Chris Nilsen was just out of high school when he competed in the 2016 Trials pole vault. He didn’t place.
“When I came to the Olympics Trials in 2016, my goal was to get a pic with Sam Kendricks, the American record holder,” Nilsen said.
Monday the former NCAA champion knocked off Kendricks, the two-time world champion, in winning the first meet in U.S. history to see three vaulters clear 5.85 meters (19 feet, 2¼ inches).
Nilsen topped 19-4¼ with Kendricks and K.C. Lightfoot tied for second at 19-2¼.
“This’ll go down in history as the hardest team ever to make,” Kendricks said.
Few know better than Brazier the pain caused when this meet puts the Trials in Olympic Trials.
He entered the 2016 meet as the favorite yet didn’t make it out of the first round. He came into this Olympic season not only the Tokyo favorite but mentioned as someone capable of doing what not so long ago was considered unthinkable – challenging David Rudisha of Kenya’s 9-year-old world record of 1:40.91.
But the race was thrown into chaos from the gun by USC’s Isaiah Jewett, the NCAA champion. Jewett took the lead on the first backstretch, then seemed to surge at the 200-meter mark, passing the bell at 400 in 50.60 and with a sizable gap on the rest of the field.
Brazier went through in 51.00 in second, with Bryce Hoppel, fourth at the 2019 Worlds, even further back at 51.23.
“When he pushed it, we had that gap,” Brazier said. “I didn’t like that gap. I tried covering it, but I couldn’t.

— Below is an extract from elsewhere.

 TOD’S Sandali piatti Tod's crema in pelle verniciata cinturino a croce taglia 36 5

Brazier tried to strike on the final backstretch.
“I think I made a move a little too early and paid the price for it in the last 200,” he said.

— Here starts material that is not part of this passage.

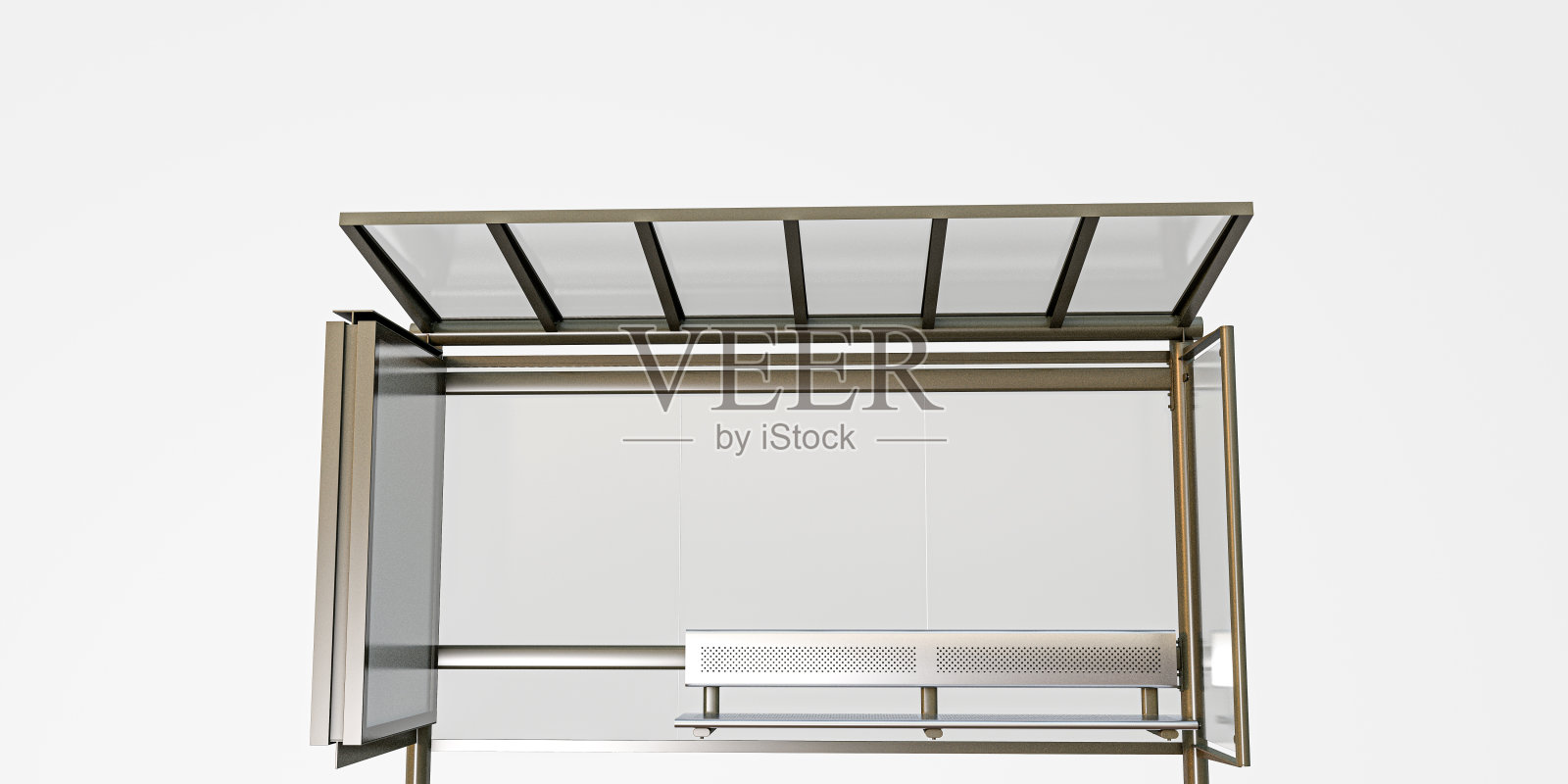 公共汽车站孤立在白色照片摄影图片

Indeed when former Nike Oregon Project teammate Clayton Murphy passed him heading into the final turn, Brazier knew he was done.
“I think this was the first time since I’ve been coached by Pete Julian where I really couldn’t bring it,” Brazier said referring to his longtime coach.

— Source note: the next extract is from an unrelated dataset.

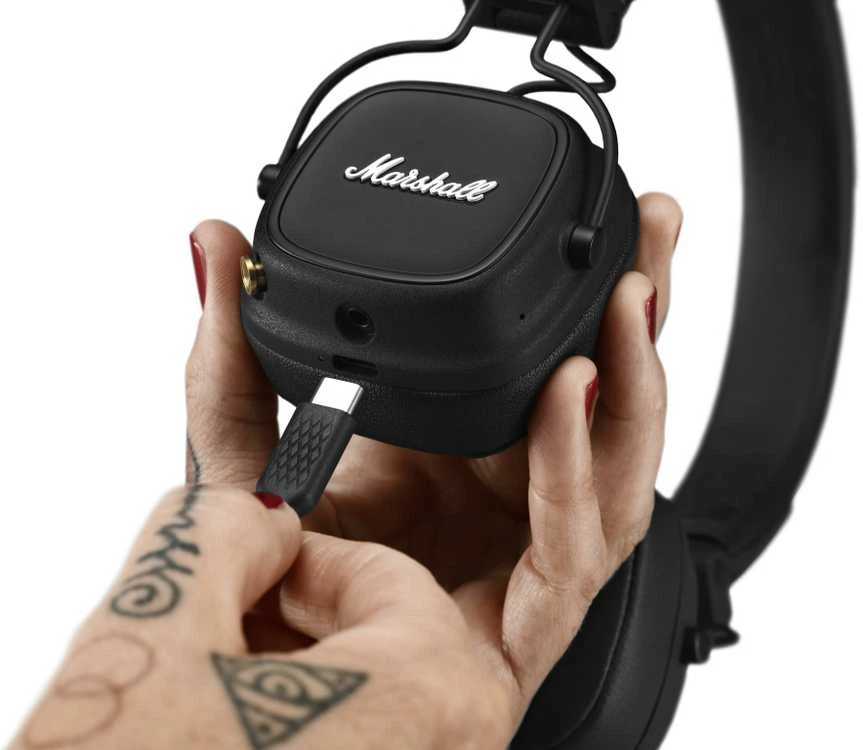 Ausinės Marshall Major IV Bluetooth, Juodos spalvos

Standing next to the pole vault runway, Kendrick watched the 800 final unfold without his friend.
“A gold medal brings golden handcuffs,” Kendricks said. “Wherever we go somewhere it’s a world champion and they expect a world champion’s effort. People follow in your wake when you’re ahead of the game. It’s a game of inches, it’s a game of effort, it’s a game of heart and I can’t believe there was any heart lacking in the last part of the 800.”
Murphy, the 2016 Olympic bronze medalist, rode a scorching 51.50 last lap to a world-leading 1:43.17 victory.Jewett held on for second in a personal best of 1:43.65. Hoppel secured third place in 1:44.14. Harris was fourth in 1:44.58.
“I blanked out,” Jewett said of the final 200. “I was in my own world. And I just kept pushing. Coach Watts just told me when the pain comes, that’s when you know greatness is about to occur,” Jewett said, referring to Trojans coach Quincy Watts, the 1992 Olympic 400 champion. “Push through it, whether you win or lose. And you’ll learn something.”
Brazier found no lessons in his latest Trials heartbreak.
“I can’t take away anything from this experience,” he said. “I ran pretty (expletive).”
The Trials’ ultimate lesson, the meet’s cold, hard truth, however, was not lost on Simpson.
“The sport goes on without you,” she said. “You don’t make the Games and the Games are fine and they go on without you.”